Water undergoes self-ionization:
H_2O rightleftharpoons H^+ + OH^- (i)
Alternatively,
2H_2O rightleftharpoons H_3O^+ + OH^-(ii)
Both (i) and (ii) are equivalent representations; (ii) tends to be more common, and characterizes the cation of water as H_3O^+.
This is an equilibrium reaction, whose extent may be very accurately measured.
Under standard conditions, [H_3O^+][OH^-] = 10^(-14).
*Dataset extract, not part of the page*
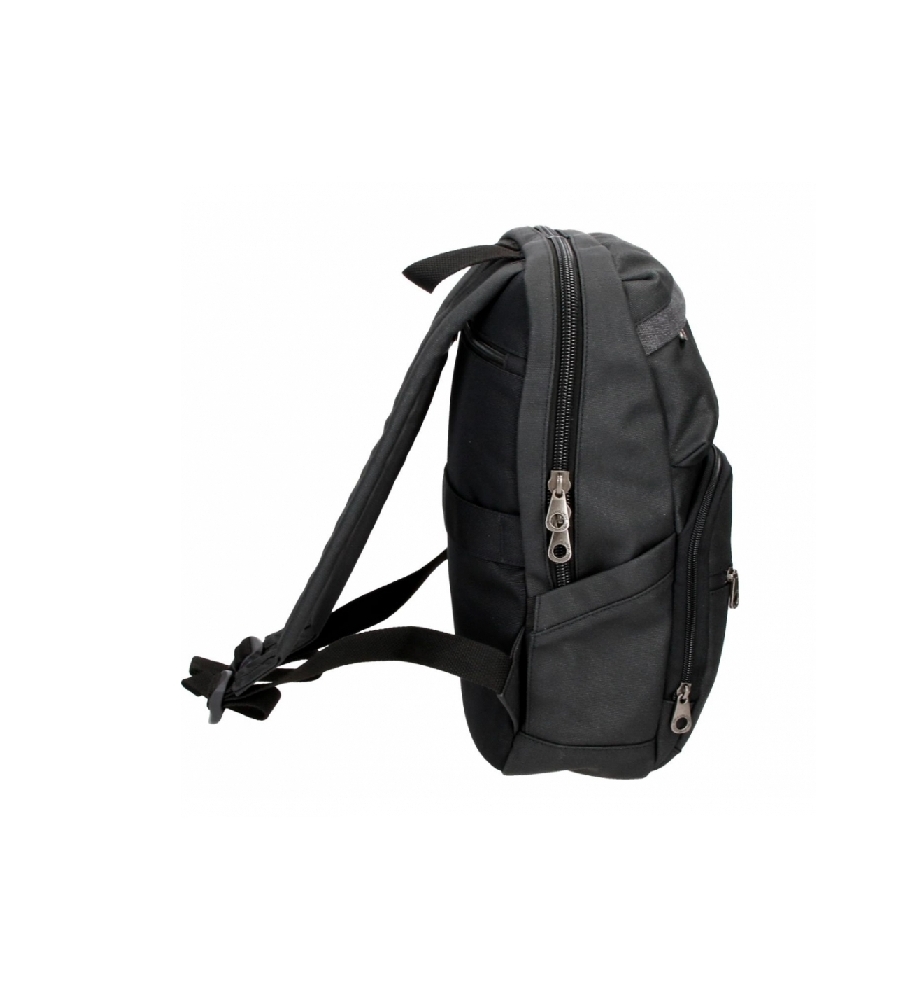 Mochila para computador Pepe Jeans Court preta --25x36x10cm-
Taking logarithms (base 10) of both sides, and multiplying by -1, we get:
pH + pOH = 14. That is pH = -log_10[H^+], and pOH = -log_10[OH^-]
This relationship is always obeyed. At high concentrations of H_3O^+, there are low concentrations of OH^-, at low concentrations of H^+, there are high concentrations of OH^-. But the sum of pH + pOH always equals 14.
Students tend to have problems with the logarithmic function. When I write log_ab = c, I am asking to what power I raise the base a to get b; in other words, a^c = b. So log_(10) 100 = 2, log_(10) 10 = 1, and log_(10) 0.1 = -1.
So now, assuming complete ionization of HCl (reasonable!), can you tell me the pH of 0.1, 1.0, and 10 mol L^-1 solutions?
HCl(g) + H_2O(l) rightarrow H_3O^+ + Cl^-.